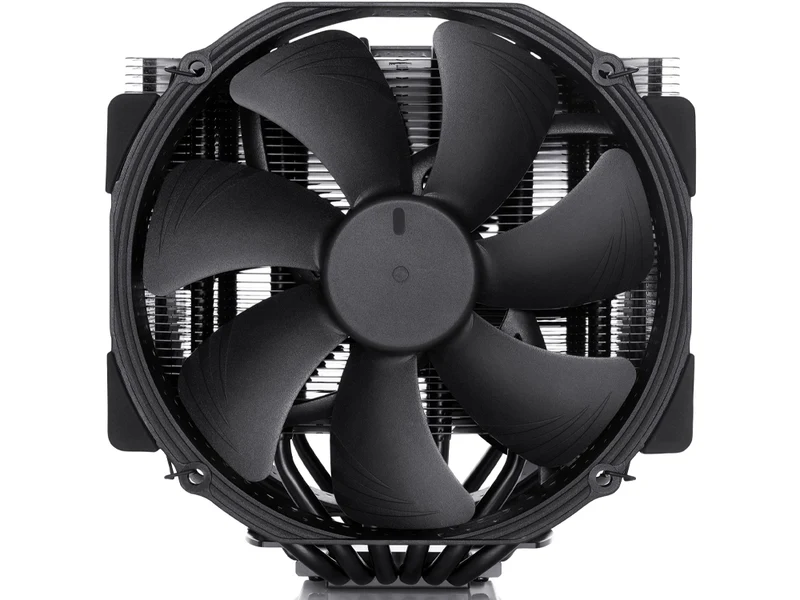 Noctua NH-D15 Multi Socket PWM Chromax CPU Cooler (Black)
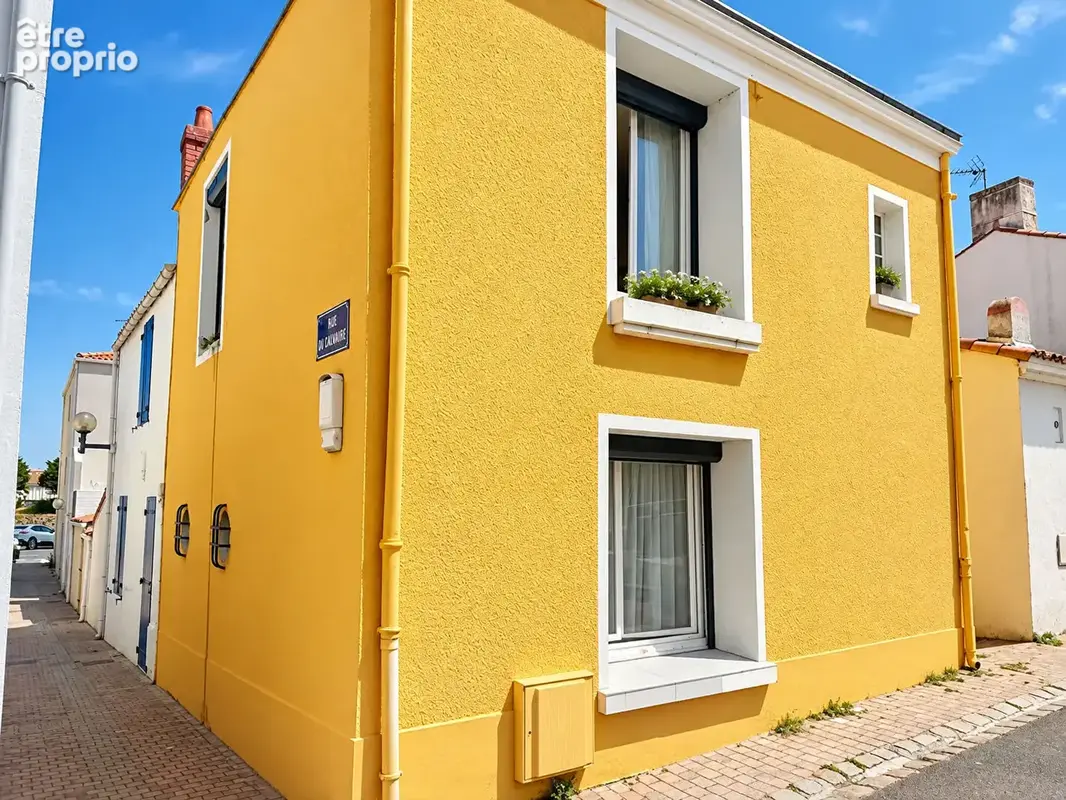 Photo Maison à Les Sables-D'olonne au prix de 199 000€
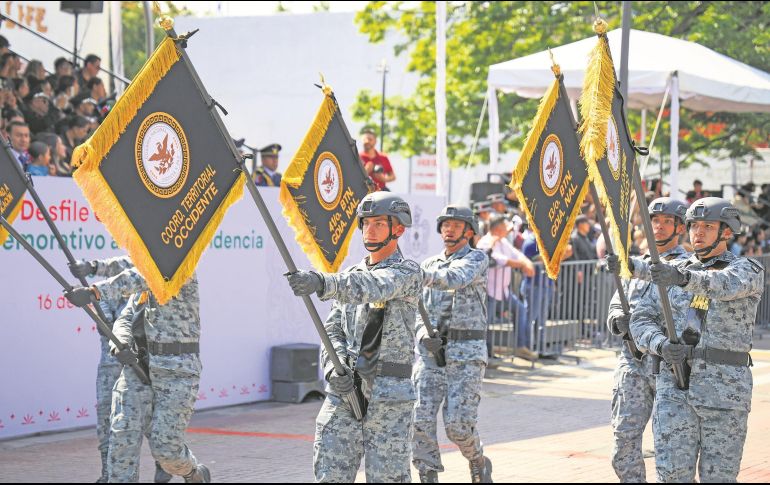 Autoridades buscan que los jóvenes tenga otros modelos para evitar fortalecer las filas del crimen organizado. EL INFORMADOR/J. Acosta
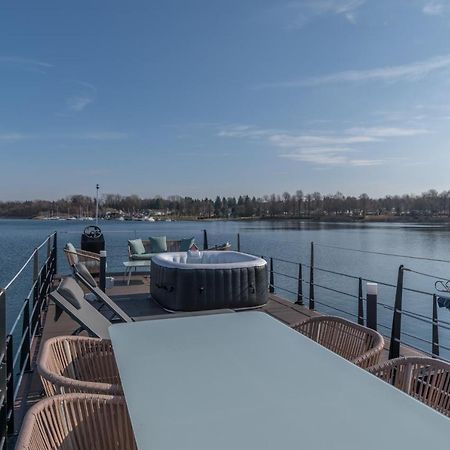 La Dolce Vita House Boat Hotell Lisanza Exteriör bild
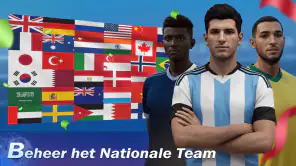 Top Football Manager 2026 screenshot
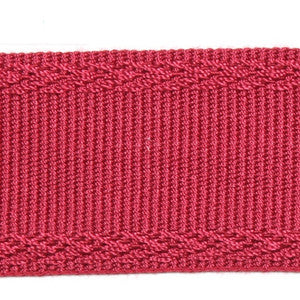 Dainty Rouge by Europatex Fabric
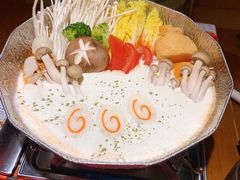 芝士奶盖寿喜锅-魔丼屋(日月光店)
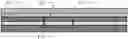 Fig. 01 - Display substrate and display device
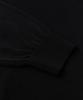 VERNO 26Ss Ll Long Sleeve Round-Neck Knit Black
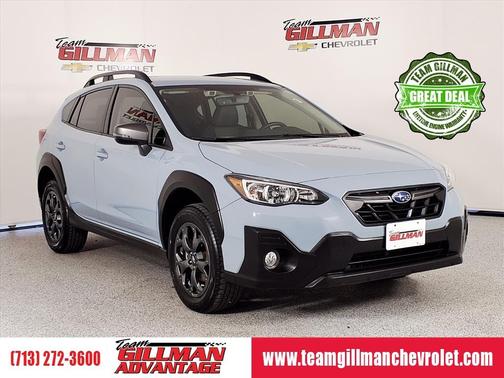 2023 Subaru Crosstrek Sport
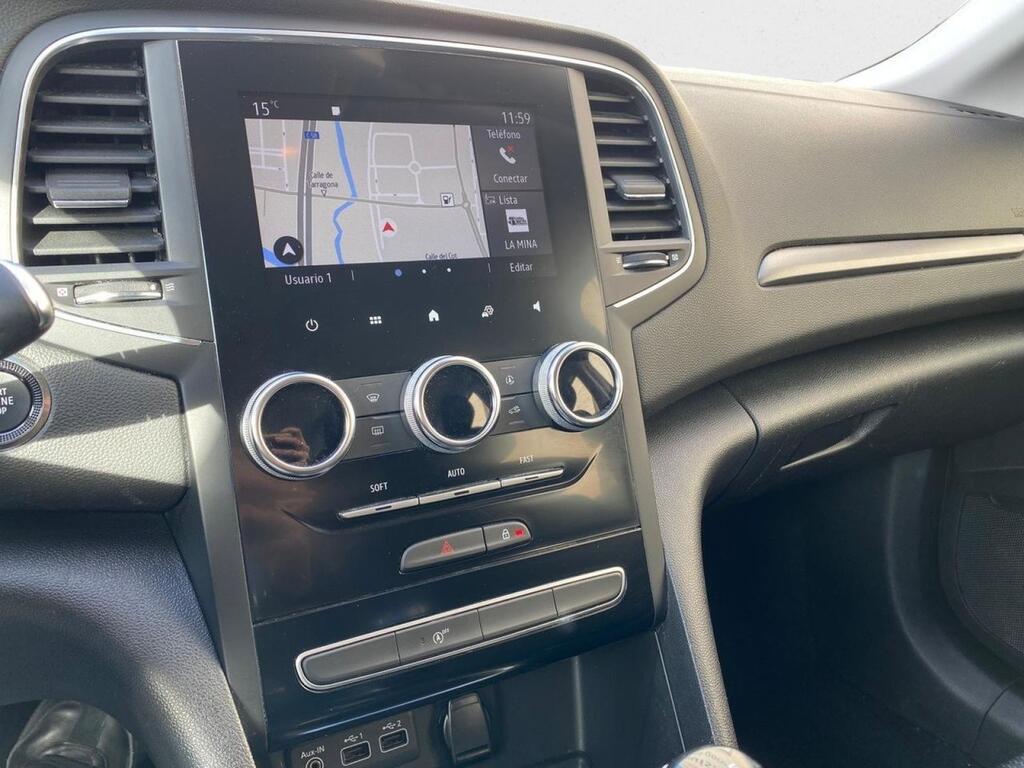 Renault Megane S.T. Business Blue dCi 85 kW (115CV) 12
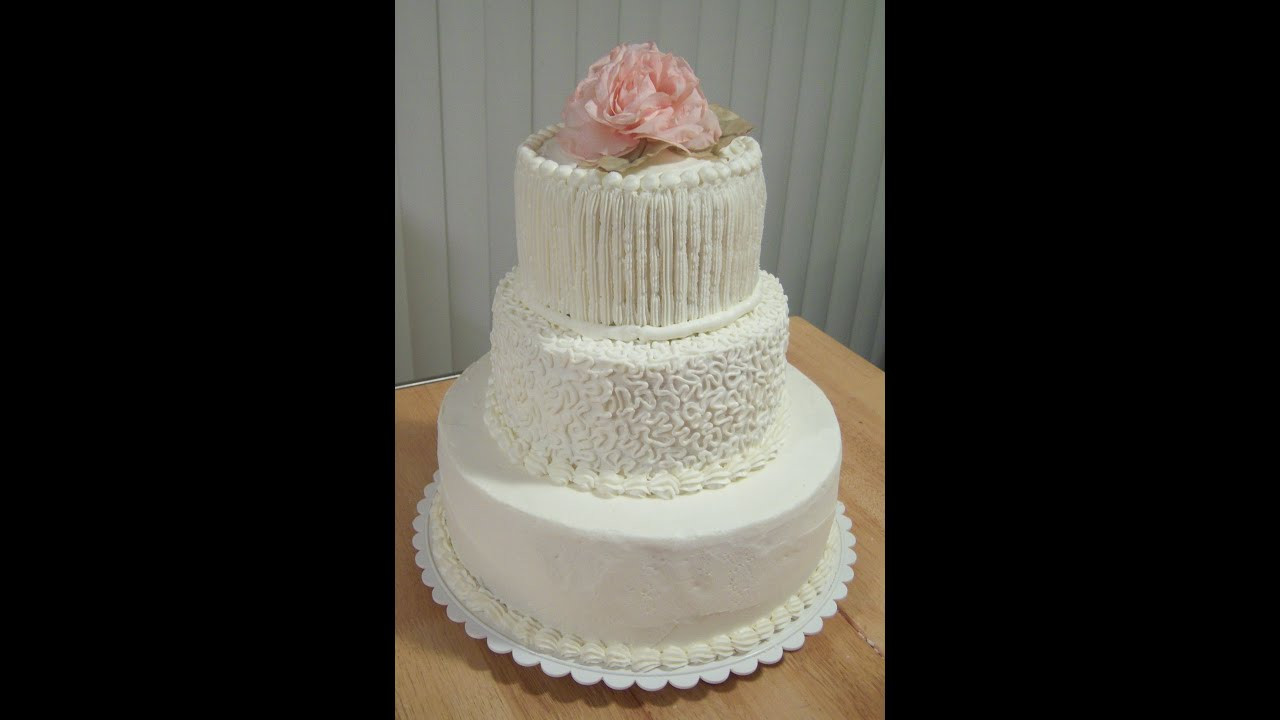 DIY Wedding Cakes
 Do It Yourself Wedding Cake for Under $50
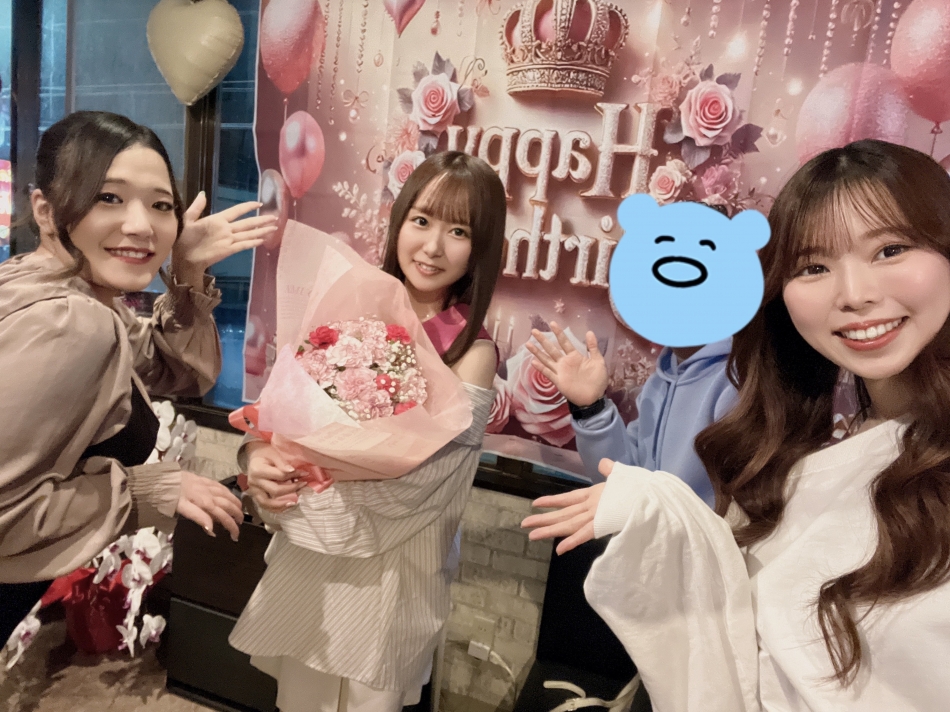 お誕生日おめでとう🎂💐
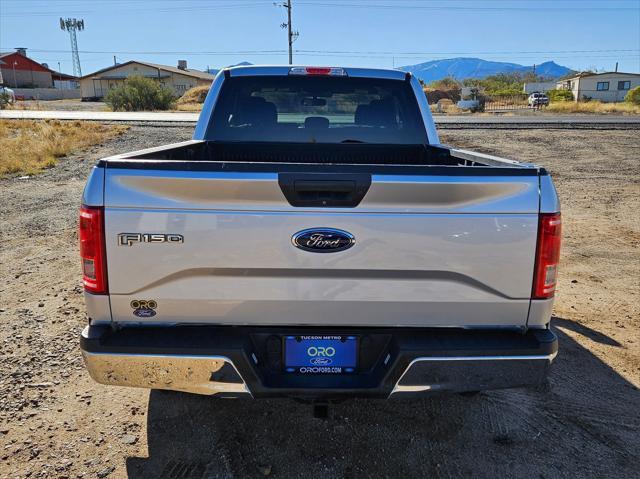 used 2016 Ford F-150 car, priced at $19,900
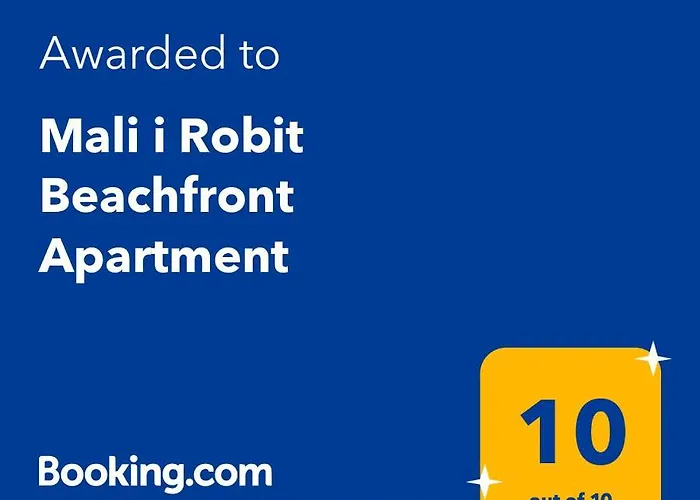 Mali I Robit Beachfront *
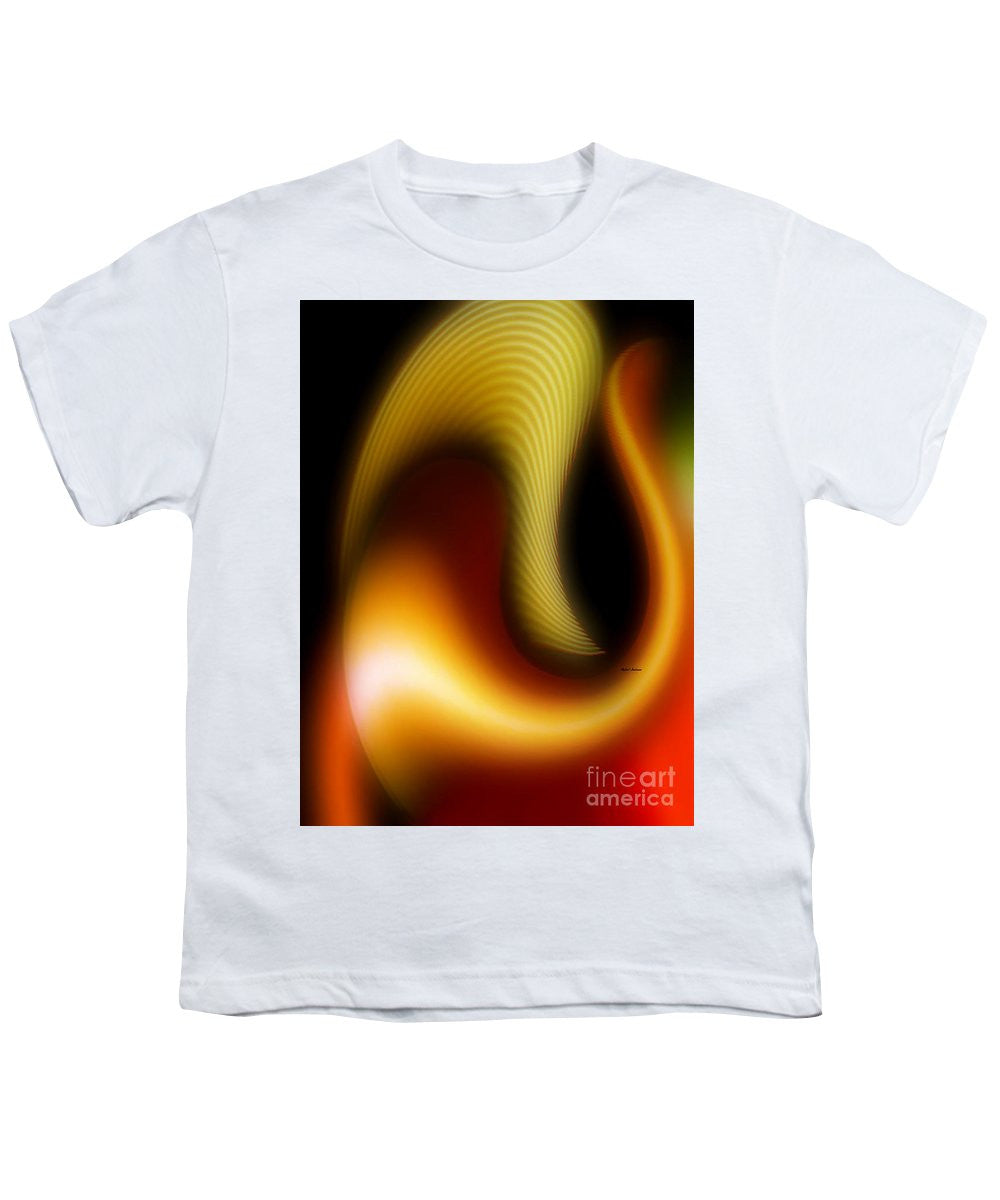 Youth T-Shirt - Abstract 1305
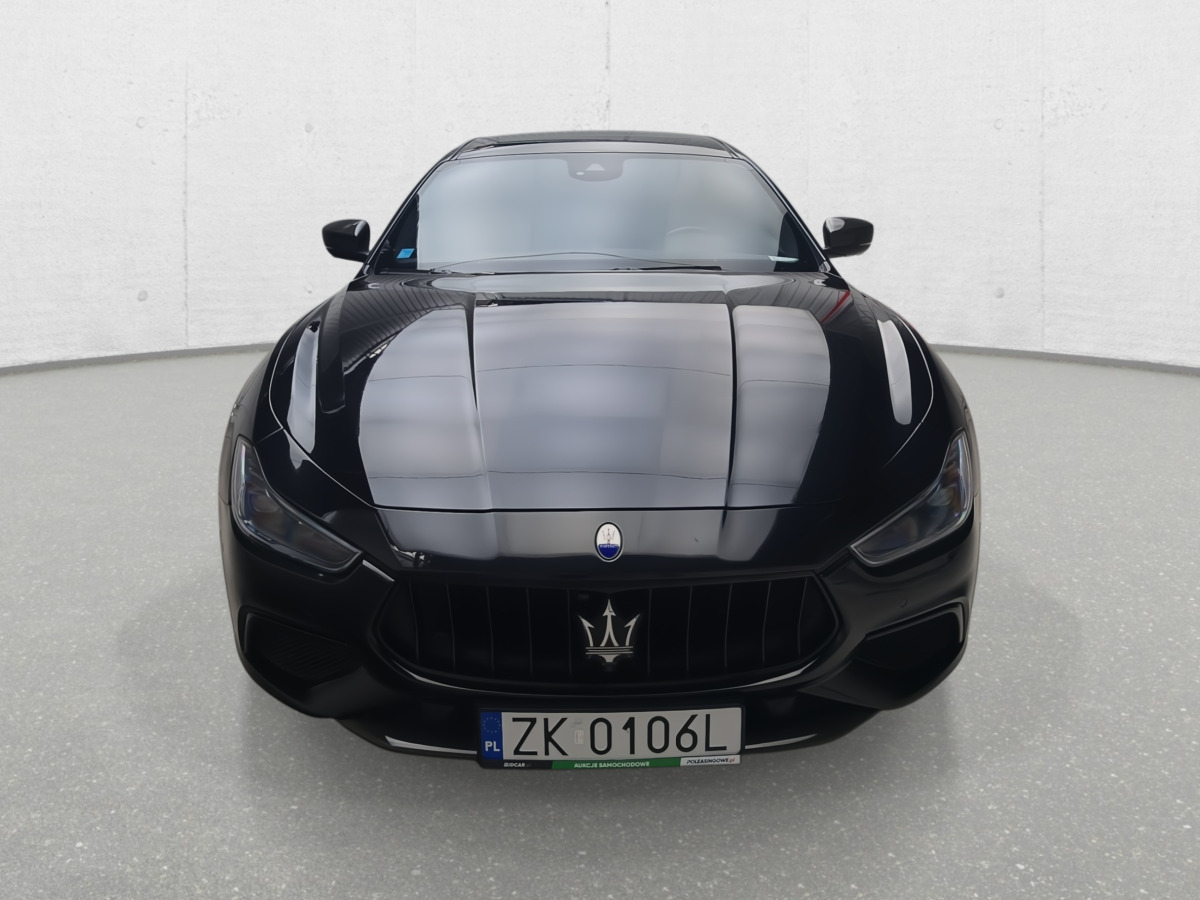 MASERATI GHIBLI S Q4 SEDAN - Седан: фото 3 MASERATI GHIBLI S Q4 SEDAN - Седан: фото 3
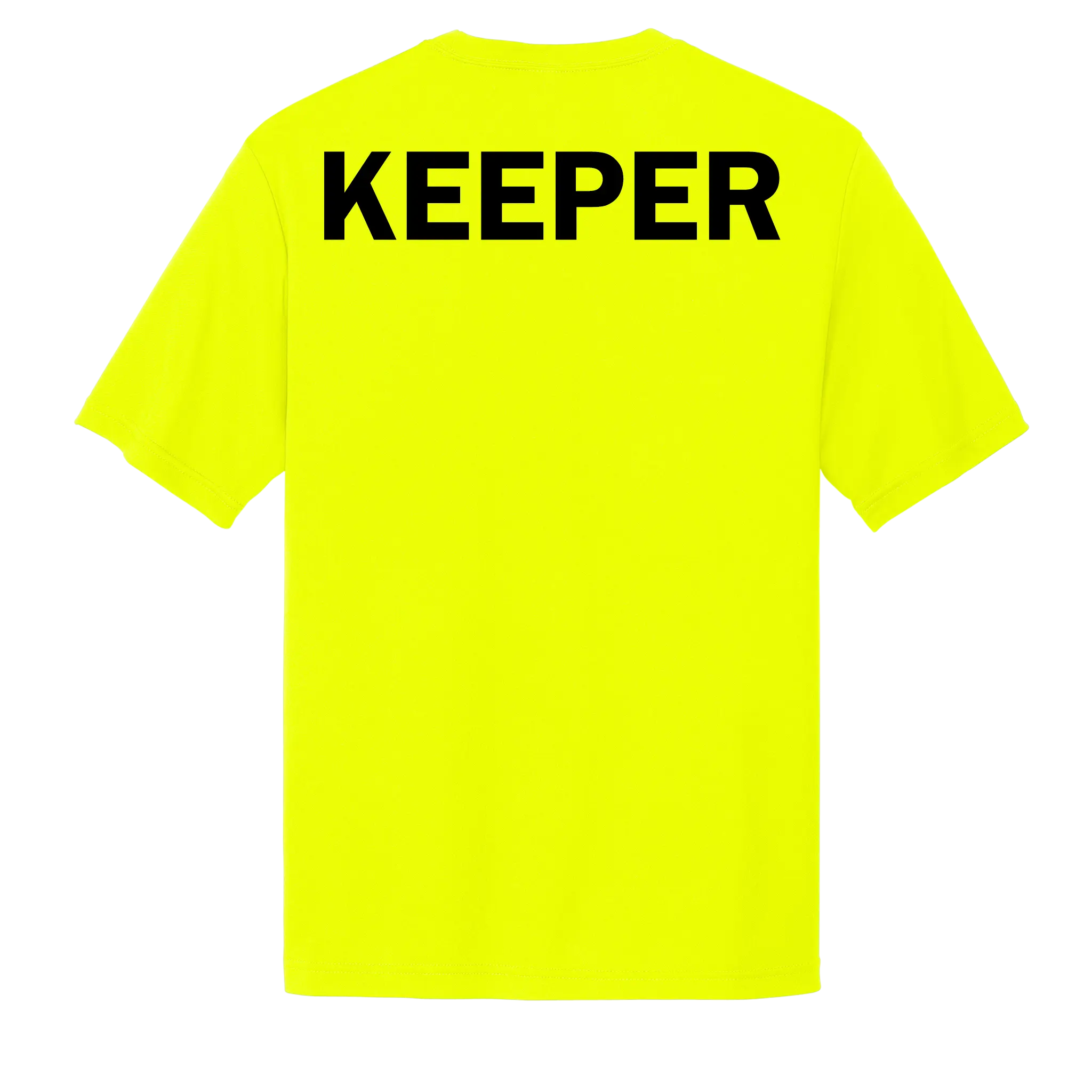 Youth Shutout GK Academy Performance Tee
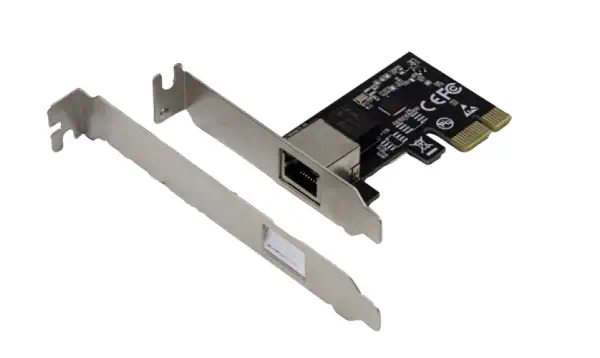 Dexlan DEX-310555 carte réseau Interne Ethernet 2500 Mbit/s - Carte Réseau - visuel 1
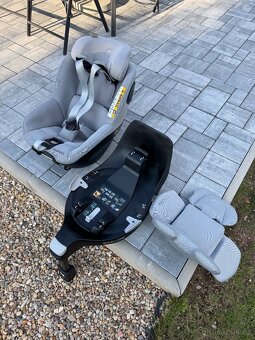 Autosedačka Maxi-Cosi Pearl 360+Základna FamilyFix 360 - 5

::::::::::

Description of the task: Set down all of the entries exactly as they stand, without any image.

Your response:
 Noctua NH-D15 Multi Socket PWM Chromax CPU Cooler (Black)
 Photo Maison à Les Sables-D'olonne au prix de 199 000€
 Autoridades buscan que los jóvenes tenga otros modelos para evitar fortalecer las filas del crimen organizado. EL INFORMADOR/J. Acosta
 La Dolce Vita House Boat Hotell Lisanza Exteriör bild
 Top Football Manager 2026 screenshot
 Dainty Rouge by Europatex Fabric
 芝士奶盖寿喜锅-魔丼屋(日月光店)
 Fig. 01 - Display substrate and display device
 VERNO 26Ss Ll Long Sleeve Round-Neck Knit Black
 2023 Subaru Crosstrek Sport
 Renault Megane S.T. Business Blue dCi 85 kW (115CV) 12
 DIY Wedding Cakes
 Do It Yourself Wedding Cake for Under $50
 お誕生日おめでとう🎂💐
 used 2016 Ford F-150 car, priced at $19,900
 Mali I Robit Beachfront *
 Youth T-Shirt - Abstract 1305
 MASERATI GHIBLI S Q4 SEDAN - Седан: фото 3 MASERATI GHIBLI S Q4 SEDAN - Седан: фото 3
 Youth Shutout GK Academy Performance Tee
 Dexlan DEX-310555 carte réseau Interne Ethernet 2500 Mbit/s - Carte Réseau - visuel 1
 Autosedačka Maxi-Cosi Pearl 360+Základna FamilyFix 360 - 5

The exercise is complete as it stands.